Workshop: 2022 International Workshop on Performance Portability and Productivity (P3HPC)
Authors: Kumudha Narasimhan, Ouadie El Farouki, Mehdi Goli, Muhammad Tanvir, Svetlozar Georgiev, and Isaac Ault (Codeplay Software Ltd, UK)
Abstract: The wide adoption of Deep Neural Networks (DNN) has served as an incentive to design and manufacture powerful and specialized hardware technologies, targeting systems from Edge devices to Cloud and supercomputers.
While the proposed ONNX as a de facto for AI model description provides the portability of AI models across various AI frameworks, supporting DNN models on various hardware architectures remains challenging.
SYCL provides a C++-based portable parallel programming model to target various devices. Thus, enabling SYCL backend for an AI framework can lead to a hardware-agnostic model for heterogeneous systems.

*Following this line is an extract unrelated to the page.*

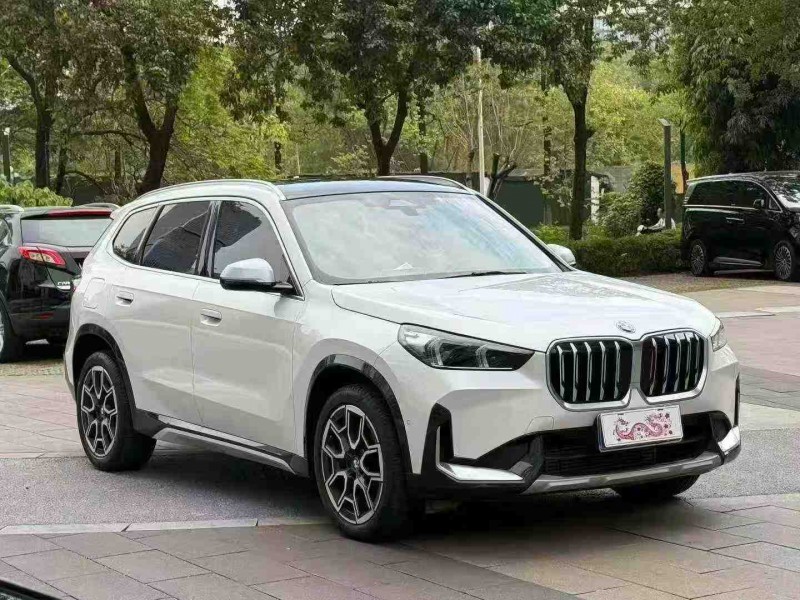 江门23年宝马X12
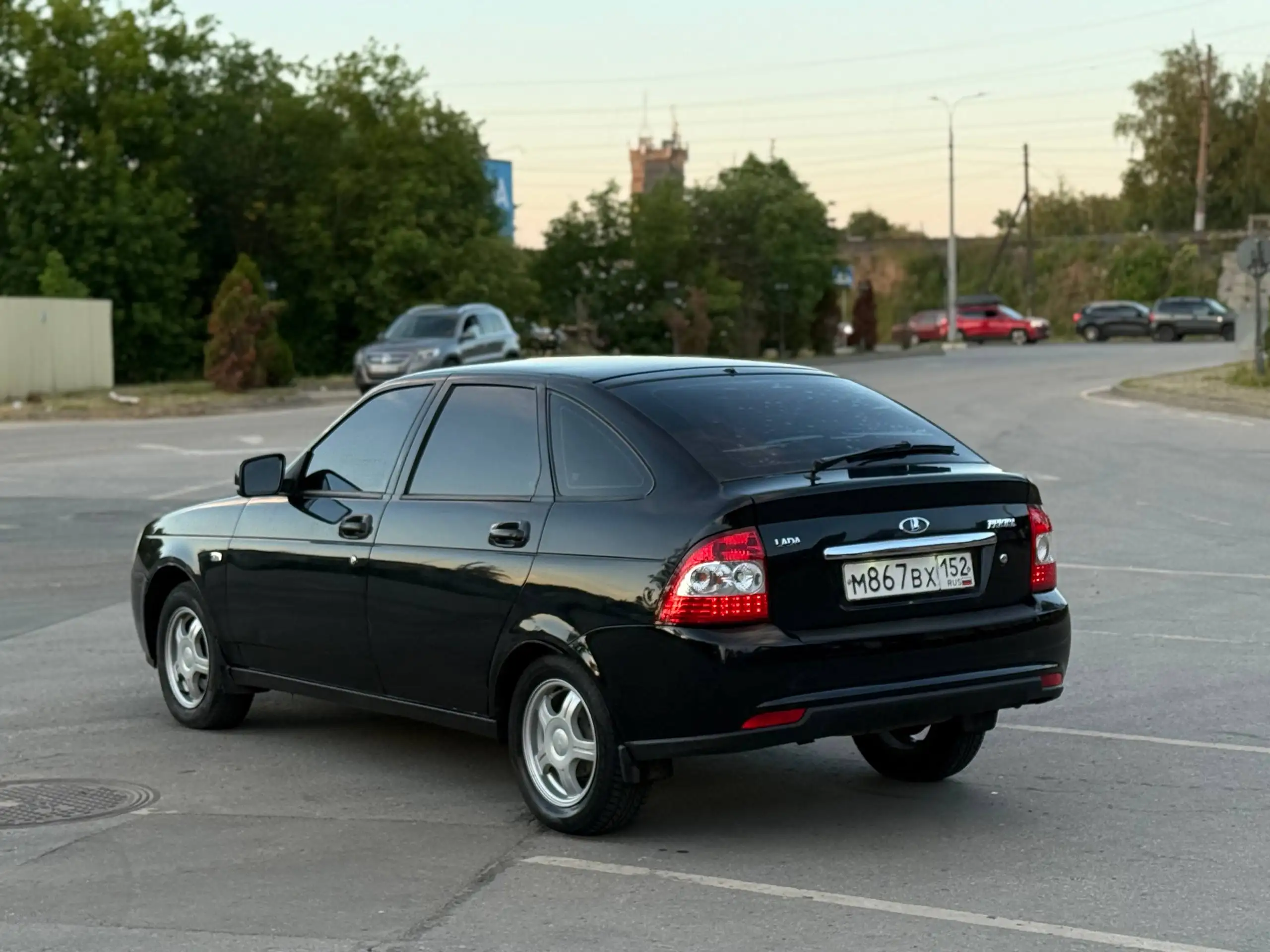 Продам Ладу Приору 2009 года - Легковые автомобили (Авто) в Нижний Новгород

This paper proposes a SYCL backend for ONNXRuntime as a possible solution towards the performance portability of deep learning algorithms. The proposed backend uses existing state-of-the-art SYCL-DNN and SYCL-BLAS libraries to invoke tuned SYCL kernels for DNN operations. Our performance evaluation shows that the proposed approach can achieve comparable performance with respect to the state-of-the-art optimized vendor-specific libraries.